Hasta aquí nada que no hayamos padecido en carne propia la mayoría de los venezolanos, pero siempre existe una guinda especial para la torta, porque Venezuela es a no dudarlo una de las tortas más grandes y hermosas de la historia ocurrida en esta parte de Latinoamérica… tan hermosa que por inconcebible devino en una pesadilla general de la cual resulta poco menos que imposible despertar.

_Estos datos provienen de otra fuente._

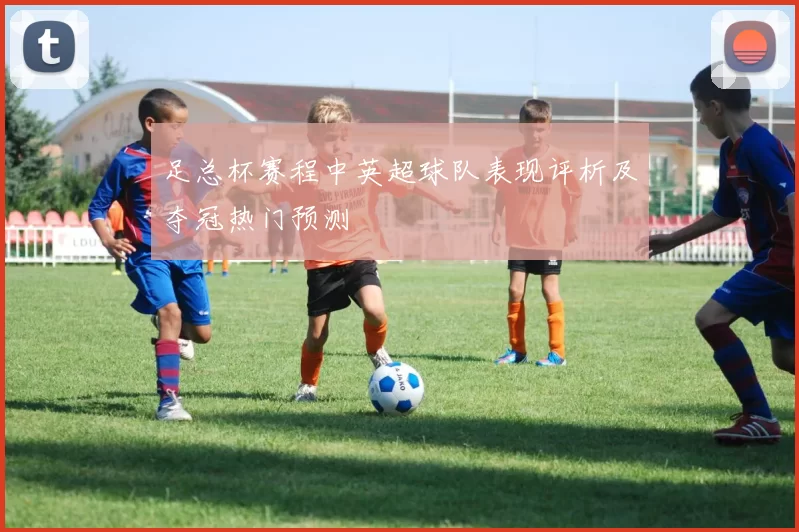 足总杯赛程中英超球队表现评析及夺冠热门预测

Degustemos pues una pequeña parte de esta torta que hoy nos mancha la camisa y buena parte de la conciencia. Ayer nomás al despertar nos enteramos de un nuevo capítulo de la tragedia que sufre Karen Palacios, una clarinetista de 25 años de edad formada en el Sistema Nacional de Orquestas y Coros Juveniles e Infantiles de Venezuela y estudiante del Conservatorio Simón Bolívar. A ella le ha sucedido algo muy particular pero que, para su desgracia, ha resultado en un choque “uniformadamente” general. En una mañana hermosa pero agitada, a Karen le pareció de lo más normal escribir unos tuits en los cuales manifestaba su molestia por la desproporcionada represión que los cuerpos policiales y militares estaban desatando contra quienes marchaban por las calles con ocasión del Primero de Mayo, Día del Trabajador.

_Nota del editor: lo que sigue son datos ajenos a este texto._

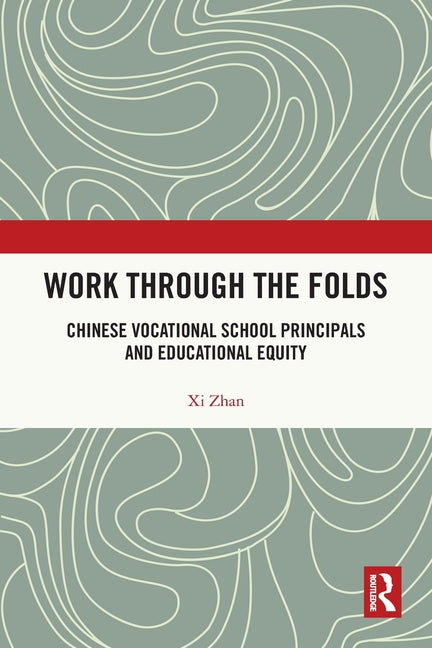 Work Through the Folds: Chinese Vocational School Principals and Educational Equity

Más vale que no, como dirían nuestras tías, pues los pacíficos aunque ciertamente atrevidos tuits tuvieron el mismo efecto que las bombas químicas que el dictador sirio lanzó contra las fuerzas rebeldes que pretendían sacarlo del poder. Pero Karen Palacios no era para ese momento –ni lo es hoy– una combatiente uniformada o entrenada por comandos rusos de la KGB ni por el Mossad israelí. La primera sorprendida fue ella cuando los comandos bolivarianos armados hasta los dientes le pusieron las manos encima y la inmovilizaron como si fuera el peligroso terrorista Bin Laden a punto de atacar las Torres Gemelas en Nueva York.

Karen no tuvo tiempo siquiera de sacar de su estuche el clarinete, la única arma que sabe manejar a la hora de responder a un ataque no solo violento sino desquiciado. Desde ese día aciago no ha vuelto a ver la luz del día ni tampoco a su señora madre, sino en contados momentos. Ha permanecido aislada la mayor parte del tiempo y, cuando la suerte está a su favor, logra dormir tirada en una celda sin las comodidades que todo ser humano se merece por la ley y la razón.

Las autoridades han hecho caso omiso de la orden de excarcelación dictada por el tribunal que conoce (o más bien desconoce) la causa. Como un favor obligado se le trasladó a ese antro que llaman –o llamaban– Cárcel de Mujeres, ubicada en Los Teques, el mismo sitio al que este gobierno confinó a la jueza María Lourdes Afiuni. Desde luego, no hay que dudar ni un minuto que todo esto constituye un disparate en grado general. Habría que preguntarse si históricamente las venezolanas saben o conocen en el siglo XXI de una monstruosidad mayor a esta que ocurre y se ceba contra una joven clarinetista, formada para mayor vergüenza en estos años de la revolución bolivariana.

Esta brutalidad, que no tiene nombre ni podrá tenerlo, debería ser el punto de partida de una gran movilización nacional e internacional no solo a favor de los derechos de las venezolanas de tener y de manifestar sus propias opiniones políticas, sino dirigida a ponerle un punto final a este machismo uniformado y general.